Sergeants! (designer S. Craig Roberts) demonstration at HistoriCon 2006

Midway: Pyrrhic victory in the Pacific

My colleague Frank H. and I got together after work today for a game of Midway (designers Larry Pinsky and Lindsley Schutz, publisher Avalon Hill).  This was the very first wargame I ever owned, and the box shows that it has been a well-loved game over the 40 years that I have had it in my care.

Frank played the Imperial Japanese Navy, and I had the United States Navy.  We played the Basic Game with the Tournament Game fighter rule added.  We elected not to require the Japanese to reduce Midway before the invasion (because we agreed that it was a complication that made the Japanese position too difficult) and not to have surface combat (because that's just stupid in a carrier battle).

PBY Catalina - USN photo
I played a relatively conventional (to me) American approach.  I kept the American carriers and cruisers together for most of the first day, until I'd approached the theoretical limit of the IJN's advance, at which point I split out a couple of cruisers as pickets to augment the PBY Catalina efforts to track the Japanese fleet.  I was discovered by Japanese searches a few times and so backtracked to break contact and evade being tracked.  My maneuvers slowed my westward progress, and the IJN lead task force doubled back to await the arrival of more escorts, so there was no air action on the first day (3 June 1941).  We both spent the night fueling and arming planes in anticipation of the next day's battle.

We were able to find each other immediately upon daybreak of 4 June, which turned out to be a bloody morning indeed.  He had united the entire Japanese fleet - carriers and invasion force - except for two light cruisers for reconnaissance.  Our strike pilots must have waved to one another as they passed above the Pacific, each seeking to deny the other a place to land when the fight was over.  We had each split our fighters fairly evenly between Combat Air Patrol (CAP) and fighter escort, so the fighter pilots spent this first sortie jousting with one another but playing nearly no role in defending their respective fleets.

USS Hornet - USN photo
The Japanese strike force sought to inflict the most damage by drawing antiaircraft fire away from the protection of the carriers and inflict hits on escorting cruisers as well.  U.S.S. Atlanta came under tremendous pressure but devoted her AA firepower to the torpedo bombers that targeted Yorktown.  The Japanese were able to sink both Atlanta and New Orleans and heavily damage Hornet in that initial attack, but the strike aircraft were decimated in their dispersed, piecemeal approach runs that allowed every gun in the task force to find a target.

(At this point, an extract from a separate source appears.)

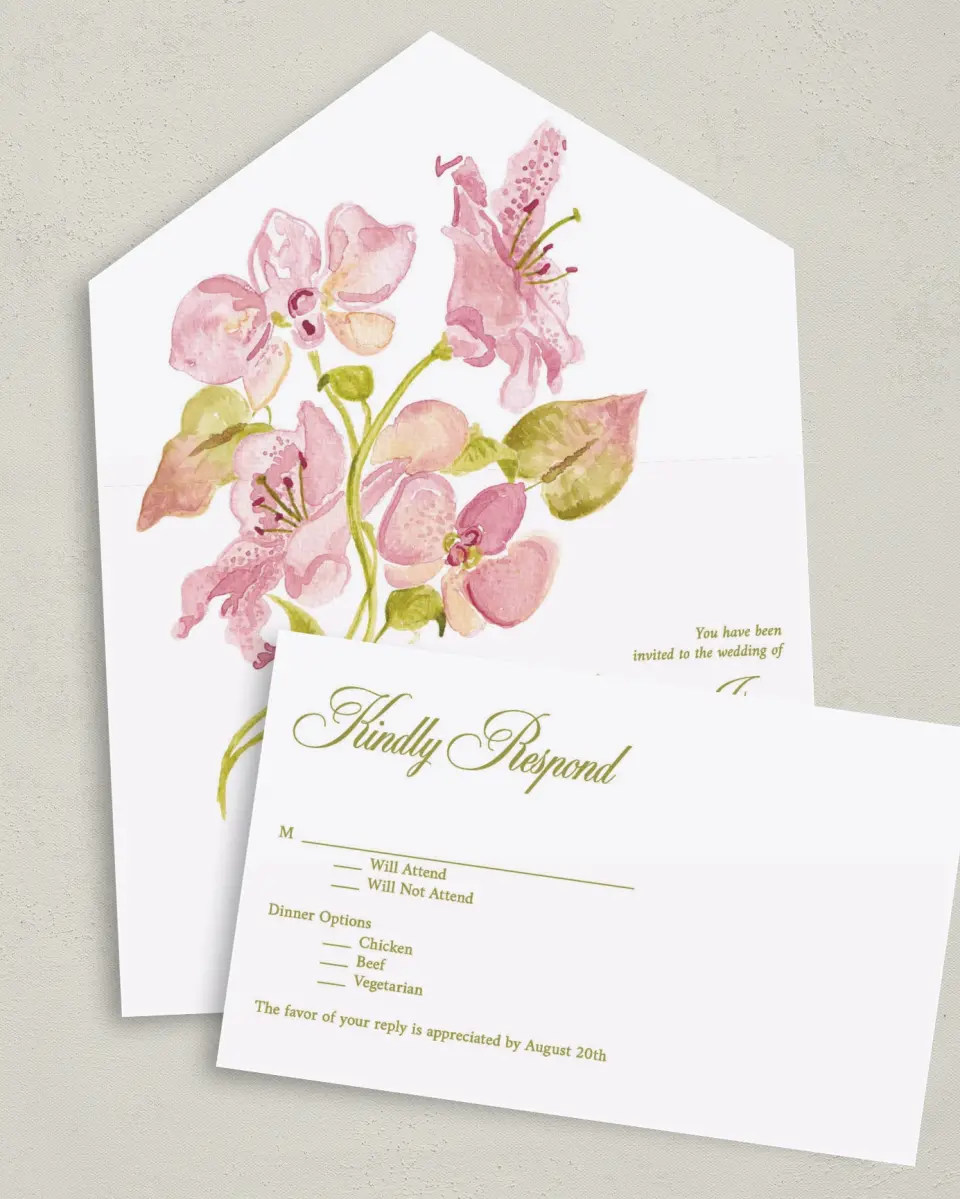 This is a 6" x 4½" All-in-One Wedding Invitation called Paradise in Bloom printed in full color on Premium Smooth paper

My tactical focus for the strike focus was exactly the opposite.  I focused all airpower on sinking the Atago, which served as the flagship for the invasion fleet.  Part of my thinking was that I had already shot down a lot of Japanese planes, so the carriers were already less effective.  But mostly I had my eye drilled on the prize - the protection of Midway Island from IJN troops.  As it happened, I heavily damaged Atago and suffered minor losses among my tightly concentrated aircraft, but sank no ships.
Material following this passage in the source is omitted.